Du Toit is fortunate to have a travel visa so he can play in events stateside, such as Monday qualifiers for the Korn Ferry Tour, the circuit just a cut below the PGA Tour.
“The biggest thing that the Mackenzie Tour provides is a chance to move up and get your Korn Ferry Tour card,” said du Toit, who often calls Calgary home during the summer. “If you miss that by not finishing in the top five, then top 10 still gets you (an exemption into the finals of the Korn Ferry Tour Qualifying Tournament) and then top 25 gets you through to the second stage of Korn Ferry qualifying school.
“That ability to not move up this year is going to hurt a lot of guys. I would say the Korn Ferry Tour card is the carrot dangling in front of you when you’re playing on the Mackenzie Tour.
“You kind of give yourself three, four, five, maybe six years to make that step. If you don’t make it in that stretch, a lot of guys give it up and go get a real job. So this whole year is going to hurt a ton of guys and might cut that four years down to three or something like that. I hope I’m wrong.”

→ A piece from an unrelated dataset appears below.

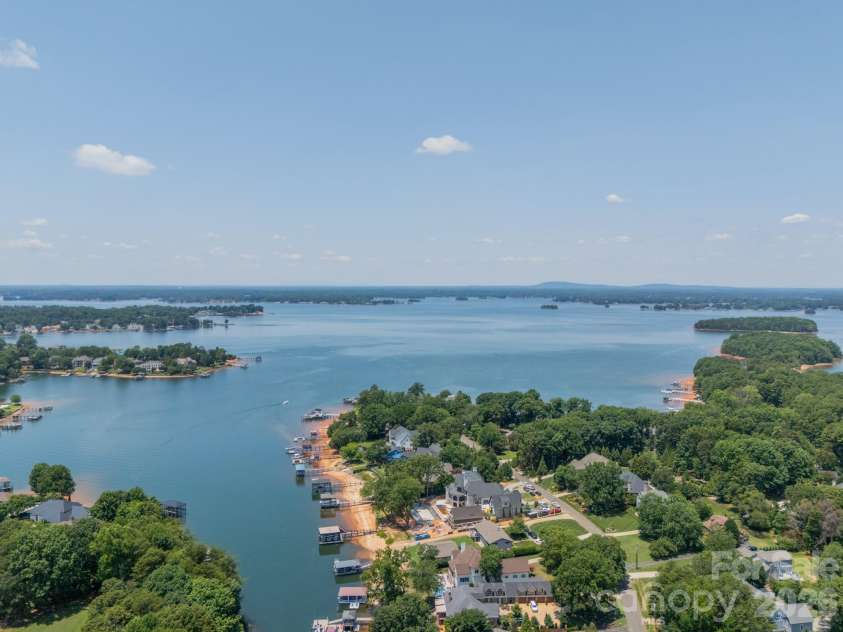 19533 Bustle Road, Cornelius, NC 28031.  MLS# CAR4376698, YatesRealty ID 34088.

Pritchard says the decision to cancel this year’s tour schedule entirely was made for a number of reasons.
“We were monitoring the border situation pretty closely, not knowing when it would be open, and there has been some speculation about the accommodations for pro athletes,” said Pritchard, who oversees a tour primarily comprised of American talent. “But, ultimately, the 14-day quarantine was really a tough one because a lot of these players are running a pretty tight budget, so to ask a player to come to Canada and quarantine for 14 days and find a place to play and practise and to stay somewhere is tough.”

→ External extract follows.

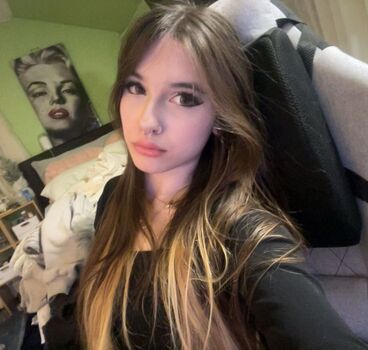 Full leaked Yumifps page private onlyfans photo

The Canada Life Open was originally scheduled to kick off the tour schedule this weekend in Vancouver.
What was supposed to follow were stops in Victoria, Kelowna, B.C., and Lethbridge, Alta., before heading to Cardigan, P.E.I., for the inaugural Prince Edward Island Pro-am.
After that, the agenda was taking the Mackenzie Tour to Caledon, Ont., Windsor, Ont., Calgary and Manitoba.
Then it was a much-celebrated swing stateside for the CRMC Championship in Brainerd, Minn. To round out the season, three tourneys were slated for Tottenham, Ont., Blainville, Que., and London, Ont.
“We’re grinding hard for every event that we can get and to ultimately keep them on the schedule,” said Pritchard about what has been an annual challenge for the developmental tour. “The overall impact remains to be seen. But, luckily, we have some great partners currently. So we feel strong about what the season looks like next year. All of the conversations we’ve had have been quite positive.”
Tour status for 2021 will be based on Order of Merit results from the 2019 season, with the top-60 players being granted exemption.
In addition, those golfers having recently earned their way on to the loop through three qualifying tournaments will retain status for the next season.
“With the safety of the communities we play in mind, as well as the well-being of our players, sponsors, tournament-organizing committees, volunteers and golf course staff, we came to the realization that this is the best decision for everyone involved,” Pritchard added. “At least now there’s a sense of finality that now we can just move forward with focusing on 2021.”
Jared du Toit, seen here at the 2016 RBC Canadian Open at Glen Abbey Golf Club in Oakville, Ont., says a lot of players plan their summer around the Mackenzie Tour and Q-schools. He says the tour’s cancellation is “definitely a bummer.”